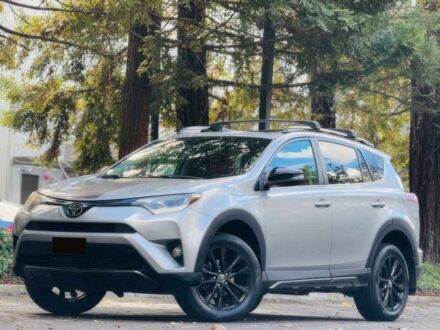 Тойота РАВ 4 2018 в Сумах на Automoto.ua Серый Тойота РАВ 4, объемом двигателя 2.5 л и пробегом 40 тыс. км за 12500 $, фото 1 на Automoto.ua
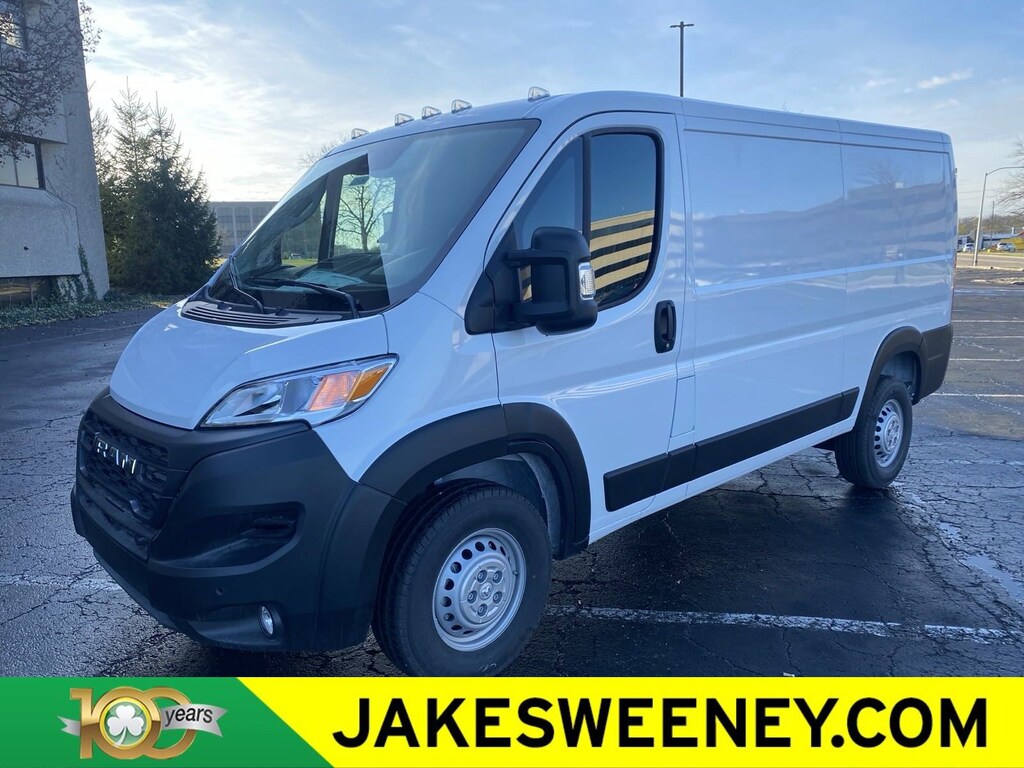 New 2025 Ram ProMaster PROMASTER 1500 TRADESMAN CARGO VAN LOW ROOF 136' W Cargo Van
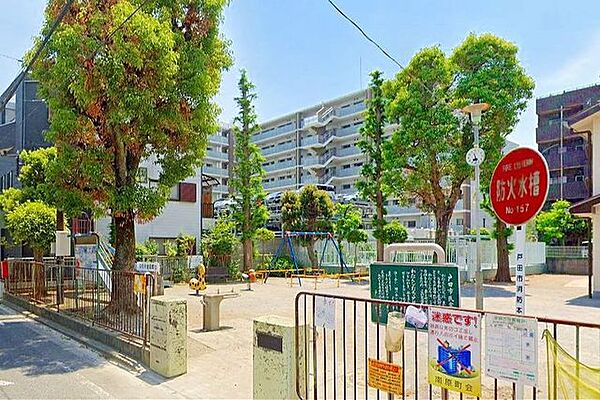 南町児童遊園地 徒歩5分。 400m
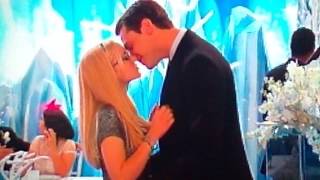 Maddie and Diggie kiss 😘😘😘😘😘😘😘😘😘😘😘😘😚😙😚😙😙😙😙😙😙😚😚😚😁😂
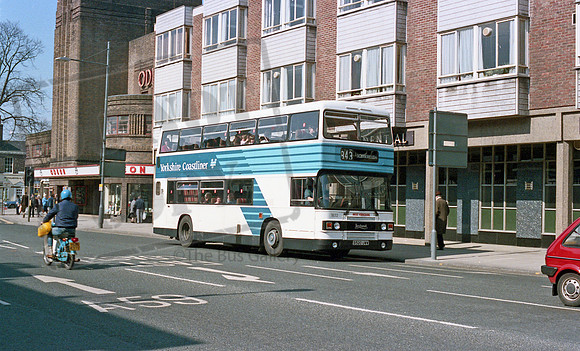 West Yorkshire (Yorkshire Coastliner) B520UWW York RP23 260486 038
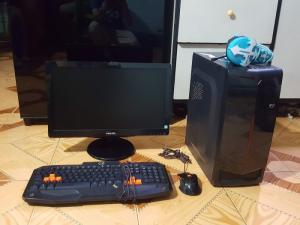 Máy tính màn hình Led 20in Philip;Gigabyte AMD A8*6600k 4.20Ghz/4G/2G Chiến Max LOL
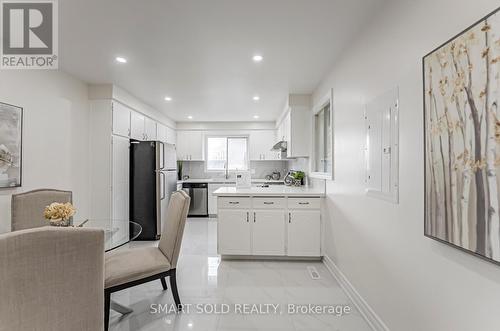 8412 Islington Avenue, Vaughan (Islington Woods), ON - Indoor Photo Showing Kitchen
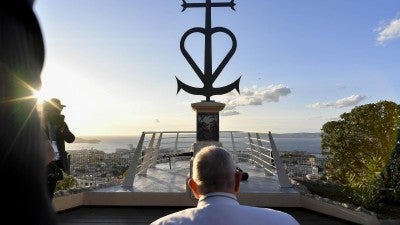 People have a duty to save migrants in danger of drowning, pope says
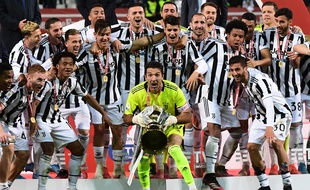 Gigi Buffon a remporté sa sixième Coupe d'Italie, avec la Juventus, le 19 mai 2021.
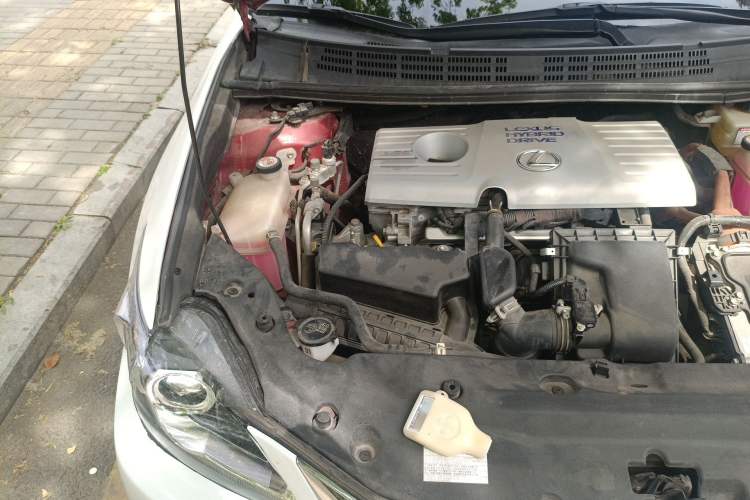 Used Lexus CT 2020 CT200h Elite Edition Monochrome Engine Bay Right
◇ ◇ ◇
- **About this exercise**
Keeping the pictures out, print the entries above exactly as written.

- **Response to the exercise**
 Тойота РАВ 4 2018 в Сумах на Automoto.ua Серый Тойота РАВ 4, объемом двигателя 2.5 л и пробегом 40 тыс. км за 12500 $, фото 1 на Automoto.ua
 New 2025 Ram ProMaster PROMASTER 1500 TRADESMAN CARGO VAN LOW ROOF 136' W Cargo Van
 南町児童遊園地 徒歩5分。 400m
 Maddie and Diggie kiss 😘😘😘😘😘😘😘😘😘😘😘😘😚😙😚😙😙😙😙😙😙😚😚😚😁😂
 West Yorkshire (Yorkshire Coastliner) B520UWW York RP23 260486 038
 Máy tính màn hình Led 20in Philip;Gigabyte AMD A8*6600k 4.20Ghz/4G/2G Chiến Max LOL
 8412 Islington Avenue, Vaughan (Islington Woods), ON - Indoor Photo Showing Kitchen
 People have a duty to save migrants in danger of drowning, pope says
 Gigi Buffon a remporté sa sixième Coupe d'Italie, avec la Juventus, le 19 mai 2021.
 Used Lexus CT 2020 CT200h Elite Edition Monochrome Engine Bay Right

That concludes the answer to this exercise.